▶ **What is expected**:
Pictures stay out; everything else in the listing below is to be restated word for word.

▶ **Dataset excerpt**:
Start of Block

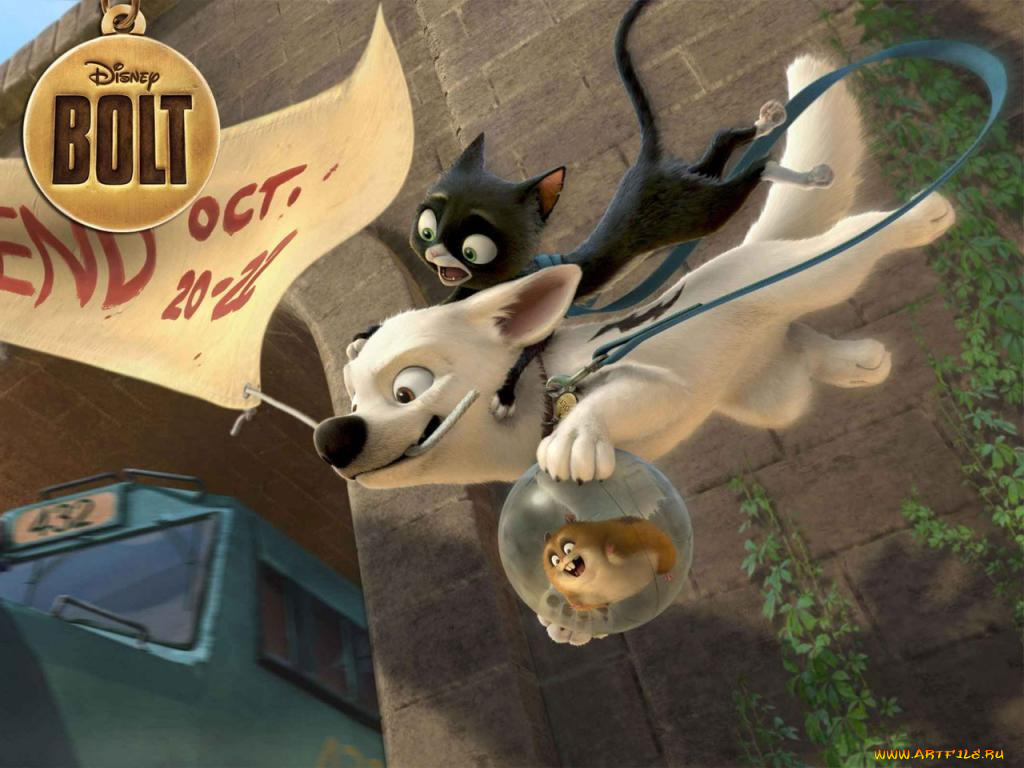 мультфильмы, bolt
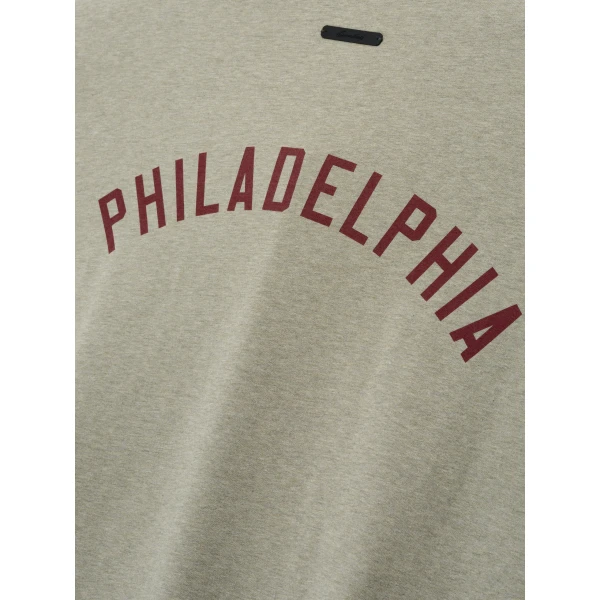Fear of God Essentials Phillies Merch Tee in Seal Heather | T-shirts & vests | Luxury Shoes 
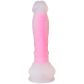 baseks Glow in the Dark Pink Dildo met Zuignap 21,5 cm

End of Block

▶ **Response below**:
 мультфильмы, bolt
Fear of God Essentials Phillies Merch Tee in Seal Heather | T-shirts & vests | Luxury Shoes 
 baseks Glow in the Dark Pink Dildo met Zuignap 21,5 cm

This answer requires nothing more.